Solution Found — DTMF Keypad Input Workaround (Detailed Steps for Others)

Original Problems

Problem 1: After caller pressed 10 digits, the system went silent and didn’t proceed until the caller spoke (e.g., said “Hello?”).

Problem 2: All 10 DTMF tones audibly played back to the caller before the agent responded.


Root Cause We Discovered

The Press Digit node is designed for the agent to navigate an IVR (press 1 for sales, etc.) — NOT for capturing user keypad input. Press Digit nodes wait for a speech turn boundary before advancing, which caused:

  1. The flow to hang silently after DTMF input

  2. Audio buffering that flushed when the caller finally spoke


The Solution: Remove Press Digit Nodes Entirely

Retell’s agent-level User DTMF settings already capture keypad input in ANY node. The digits are stored in {{user_dtmf_input}}. We don’t need dedicated Press Digit nodes.

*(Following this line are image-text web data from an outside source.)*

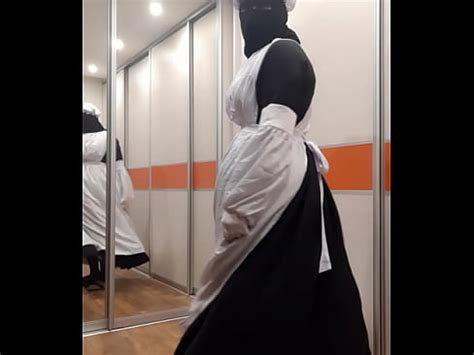 Criada Victoriana En Delantal Y Niqab Xvideos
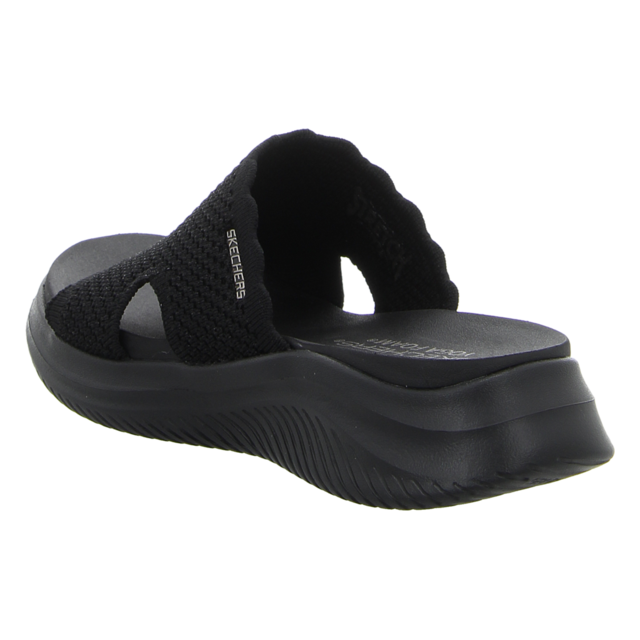 Skechers - 164055 BBK - Ultra Flex 3.0 - black - Pantoletten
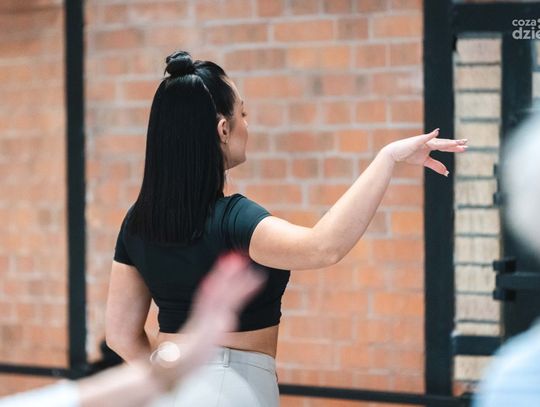 Zajęcia taneczne z Klaudią Kunderą (zdjęcia)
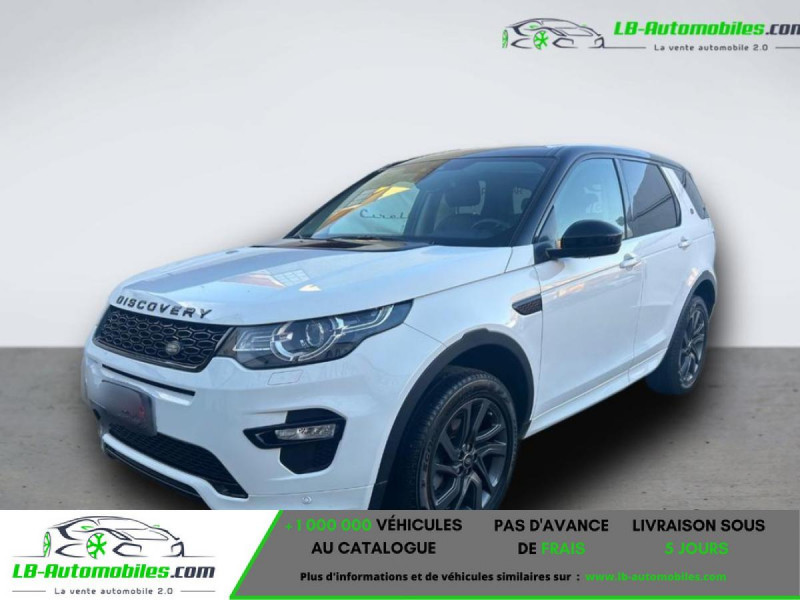 Land rover Discovery Sport TD4 150ch BVA  occasion � Beaupuy - photo n�2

Step-by-Step Implementation

Step 1: Enable Agent-Level DTMF Settings

In Agent Settings → Call Settings → User DTMF Options:

Setting Value
User Keypad Input Detection ON
Digit Limit 10
Timeout 4000ms
Termination Key OFF (optional)

Step 2: Remove Press Digit Nodes from Flow

Delete or disconnect any Press Digit nodes that were being used to “capture” user phone numbers. These nodes cause the hanging/buffering issue.

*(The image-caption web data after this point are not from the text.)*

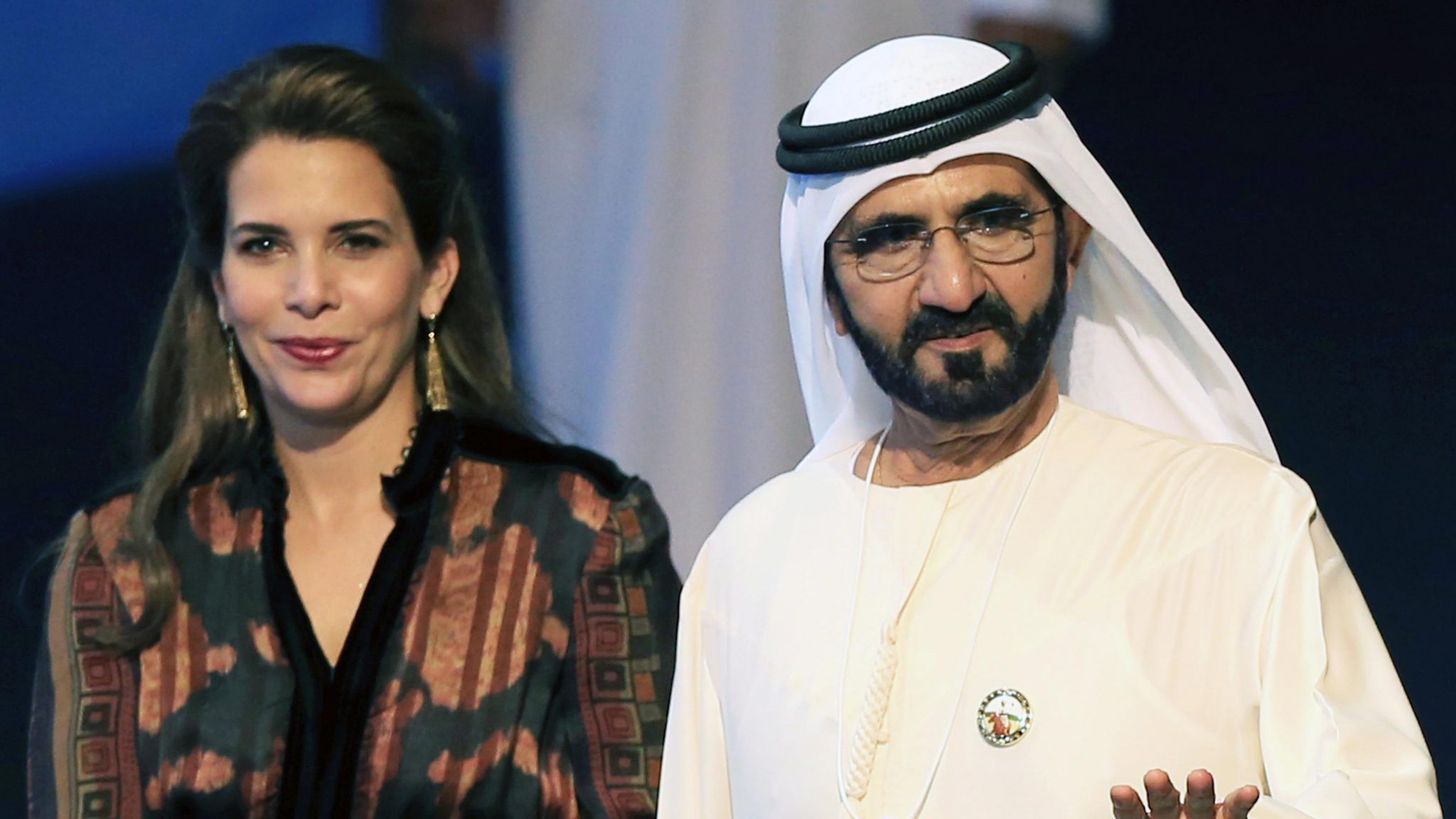 Dubai royal divorce begins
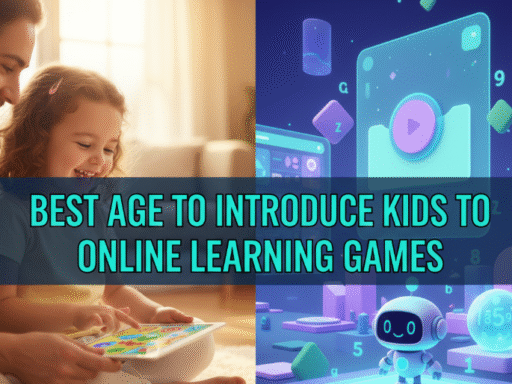 Best Age to Introduce Kids to Online Learning Games
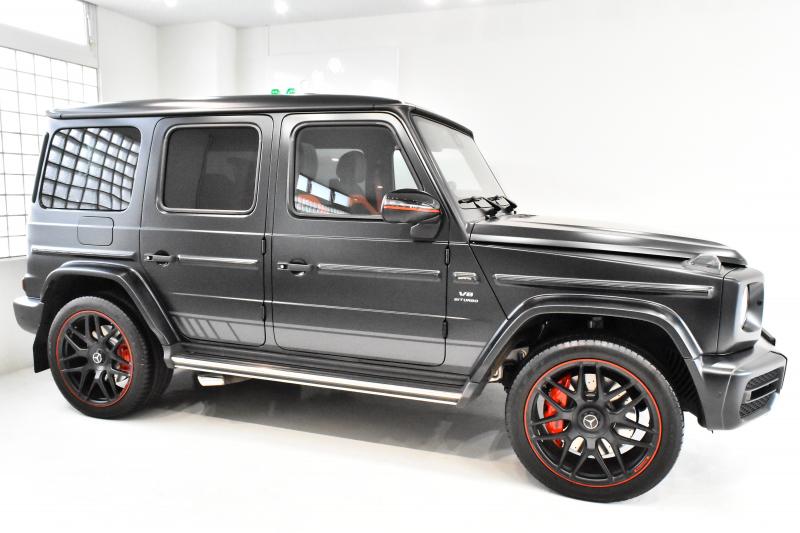 メルセデスベンツ Gクラス 63AMG 全国限定200台 エディション1正規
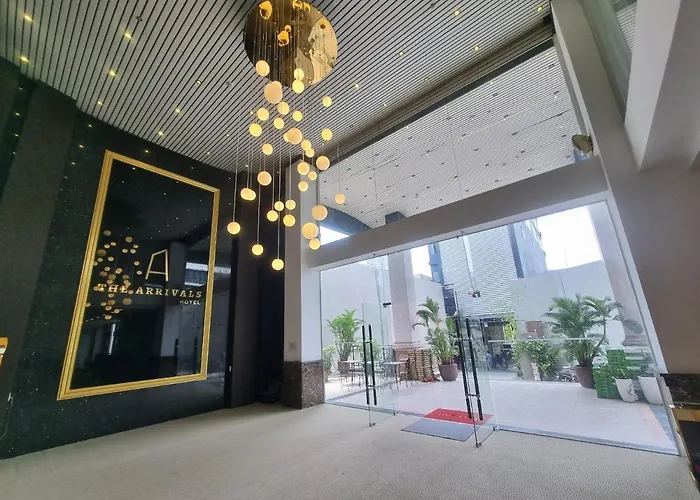 The Arrivals Hotel Ho-Chi-Minh-Stadt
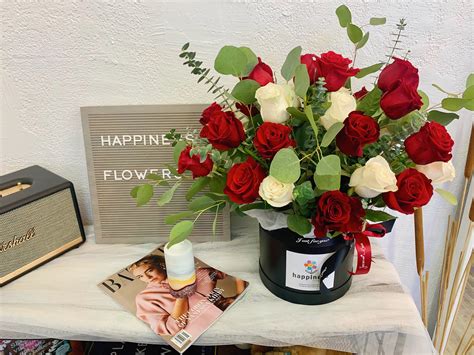 Large Rose Bucket by Happiness Flowers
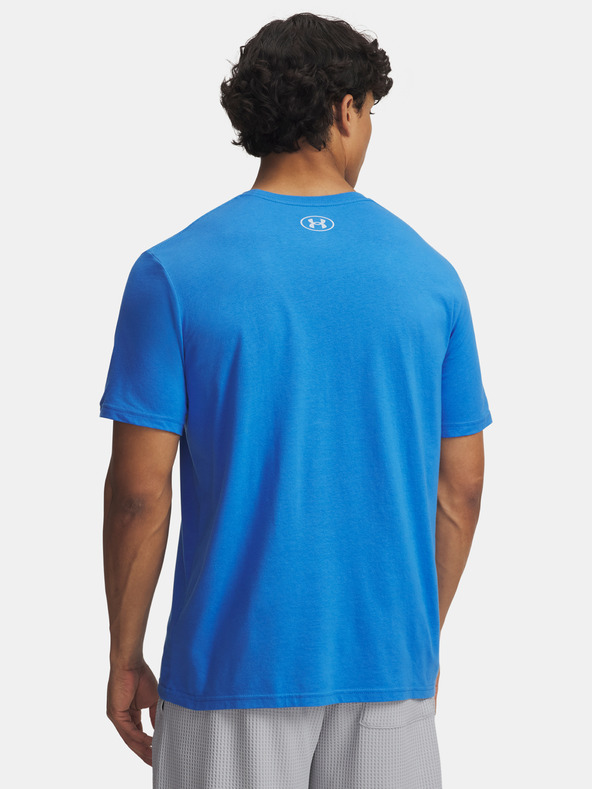 Under Armour Herren T-Shirt Under Armour UA M SPORTSTYLE LC SS-BLU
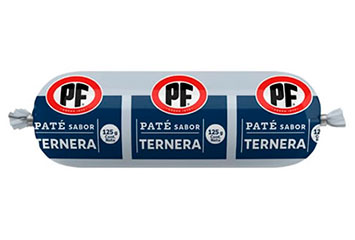 pate ternera pf 16x125grs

Step 3: Create a Branch Node to Check for DTMF Input

After the node that asks for the phone number, add a Branch node called CHECK DTMF INPUT.

Edge 1: DTMF_VALID

{{user_dtmf_input}} contains exactly 10 digits. Keypad input is complete.

→ Routes to: FORMAT DTMF NUMBER node

Edge 2: NO_DTMF (Else)

{{user_dtmf_input}} is empty, missing, or does not contain 10 digits. Caller likely spoke the number.

→ Routes to: Extract Variables node (for voice input)


Step 4: Create FORMAT DTMF NUMBER Node

Node Type: Extract Dynamic Variables

Variable Name: phone_number

Variable Description:

Take the DTMF input and format it as E.164.

The caller entered these digits via keypad: {{user_dtmf_input}}

Simply add +1 prefix to the digits.

OUTPUT: +1 followed by the 10 digits exactly as entered.

Example: 
- Input: 2896003518
- Output: +12896003518

Do not change, rearrange, or interpret the digits. Just add +1 prefix.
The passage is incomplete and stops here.